CMI’s failures in this action are exacerbated by the frustration and unexplained revolving door of CMI personnel with whom Shaw was required to deal. Just during the time period from May 2011 through July 2012 when CMI effectively stopped communication with Shaw concerning his mortgage account, Shaw had dealt with two different individuals who had drafted separate modification agreements (Kim Vukovich and Juan Mayorga), three separate Homeowner Support Specialists (Chris Gabbert, Jennifer Butler, and Robert Orcutt), and CMI’s Assistant General Counsel, Dana Ross, not to mention the myriad of unnamed employees Shaw contacted in 2011 through 2012. And there was commonly no meaningful explanation of why a new person, new department, or some other representative was being identified as the person with whom Shaw was now required to deal. Moreover, the evidence established that Shaw informed each new CMI representative of the history of his mortgage account and rather than investigate the matter further — an investigation readily available through Shaw’s electronic mortgage account and the documents in Shaw’s and CMI’s possession — these representatives continued to push forward with CMI’s untenable position that there was no valid and binding loan modification under the May 2011 Modification Agreement. CMI willfully ignored the harm it was causing to Shaw despite clear warning signs from Shaw that its conduct was improper.

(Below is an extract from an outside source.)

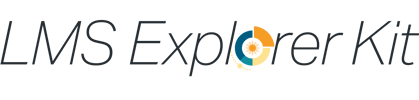 HC_LMS_Explorer_Kit_Logo_introducing5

Another failure, previously mentioned, was CMI’s inexcusably delayed recognition of the May 2011 Modification Agreement. An agreement executed by its Vice-President but then rejected by some employee in the Loss Mitigation department only to be honored by CMI’s own assistant general counsel and then rejected again by an employee in the Executive Response Unit without any meaningful explanation to the borrower/homeowner and without any regard for the financial burden, frustration and stress such inconsistency placed on the borrower/homeowner is strong evidence of oppression. After three plus years of litigation and a three-day bench trial, an explanation for CMI’s behavior is still unknown.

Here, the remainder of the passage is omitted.